Article additionnel après l'article 15 bis

M. le président. L'amendement n° 207 rectifié bis, présenté par MM. Lecerf et Pointereau, est ainsi libellé :

Après l'article 15 bis, insérer un article additionnel ainsi rédigé :

Après la première phrase du premier alinéa de l'article L. 5211-39 du code général des collectivités territoriales, il est inséré une phrase ainsi rédigée :

« La liste des principaux investissements réalisés et des principales subventions accordées par l'établissement dans chaque commune est dressée en annexe du compte administratif. » 

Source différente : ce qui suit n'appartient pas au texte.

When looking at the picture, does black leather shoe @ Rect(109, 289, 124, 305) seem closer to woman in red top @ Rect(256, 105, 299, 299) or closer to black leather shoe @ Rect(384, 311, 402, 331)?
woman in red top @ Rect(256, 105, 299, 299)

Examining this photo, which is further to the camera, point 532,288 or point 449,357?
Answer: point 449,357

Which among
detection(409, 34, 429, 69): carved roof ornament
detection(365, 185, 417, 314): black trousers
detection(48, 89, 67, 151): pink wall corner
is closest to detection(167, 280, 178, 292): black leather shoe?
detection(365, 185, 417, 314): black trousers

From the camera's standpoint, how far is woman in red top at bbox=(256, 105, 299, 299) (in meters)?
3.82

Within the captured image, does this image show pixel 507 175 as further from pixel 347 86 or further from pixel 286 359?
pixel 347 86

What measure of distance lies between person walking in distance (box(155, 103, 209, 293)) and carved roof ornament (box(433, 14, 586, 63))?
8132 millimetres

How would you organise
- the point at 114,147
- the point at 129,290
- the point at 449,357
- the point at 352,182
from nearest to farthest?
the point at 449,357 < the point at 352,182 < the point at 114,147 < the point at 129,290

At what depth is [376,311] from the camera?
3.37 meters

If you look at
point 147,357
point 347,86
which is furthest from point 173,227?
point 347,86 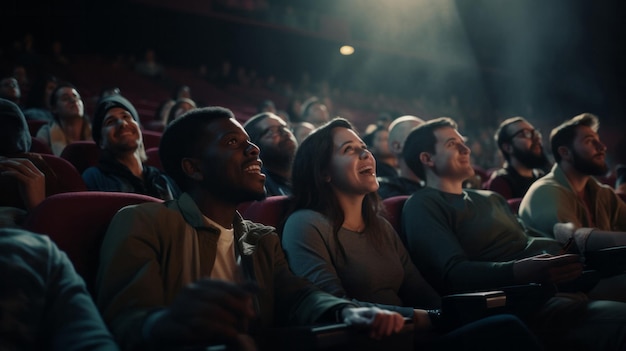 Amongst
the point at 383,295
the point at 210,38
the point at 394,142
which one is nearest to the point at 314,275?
the point at 383,295

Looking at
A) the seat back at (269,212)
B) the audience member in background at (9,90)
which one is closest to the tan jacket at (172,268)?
the seat back at (269,212)

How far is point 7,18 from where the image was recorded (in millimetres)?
3613

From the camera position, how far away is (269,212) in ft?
2.58

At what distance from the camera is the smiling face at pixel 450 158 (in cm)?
96

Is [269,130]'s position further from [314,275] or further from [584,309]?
[584,309]

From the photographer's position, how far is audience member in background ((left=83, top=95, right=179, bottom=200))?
100cm

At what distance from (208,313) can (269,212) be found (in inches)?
16.2

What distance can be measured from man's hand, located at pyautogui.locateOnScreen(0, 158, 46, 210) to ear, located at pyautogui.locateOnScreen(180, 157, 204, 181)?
0.65 feet

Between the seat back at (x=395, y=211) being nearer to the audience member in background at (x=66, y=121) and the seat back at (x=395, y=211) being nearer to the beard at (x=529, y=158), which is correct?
the beard at (x=529, y=158)

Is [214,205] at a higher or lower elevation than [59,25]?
lower

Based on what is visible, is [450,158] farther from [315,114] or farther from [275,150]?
[315,114]

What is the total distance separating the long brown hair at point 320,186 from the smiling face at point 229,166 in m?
0.20

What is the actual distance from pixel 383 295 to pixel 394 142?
0.72 m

Cet amendement n'est pas soutenu.

Article additionnel après l'article 15 bis
Dossier législatif : projet de loi de réforme des collectivités territoriales
(Supprimé)

Article 15 ter

Article 15 ter
Dossier législatif : projet de loi de réforme des collectivités territoriales
Article 16 (Texte non modifié par la commission)

(Supprimé)

Chapitre II

Achèvement et rationalisation de la carte de l’intercommunalité

Section 1

Schéma départemental de coopération intercommunale

(Supprimé)
Dossier législatif : projet de loi de réforme des collectivités territoriales
Article additionnel après l'article 17

Article 16

(Non modifié)

I. – Après l’article L. 5210-1 du code général des collectivités territoriales, il est inséré un article L. 5210-1-1 ainsi rédigé :

« Art. L. 5210-1-1. – I. – Dans chaque département, il est établi, au vu d’une évaluation de la cohérence des périmètres et de l’exercice des compétences des groupements existants, un schéma départemental de coopération intercommunale prévoyant une couverture intégrale du territoire par des établissements publics de coopération intercommunale à fiscalité propre et la suppression des enclaves et discontinuités territoriales.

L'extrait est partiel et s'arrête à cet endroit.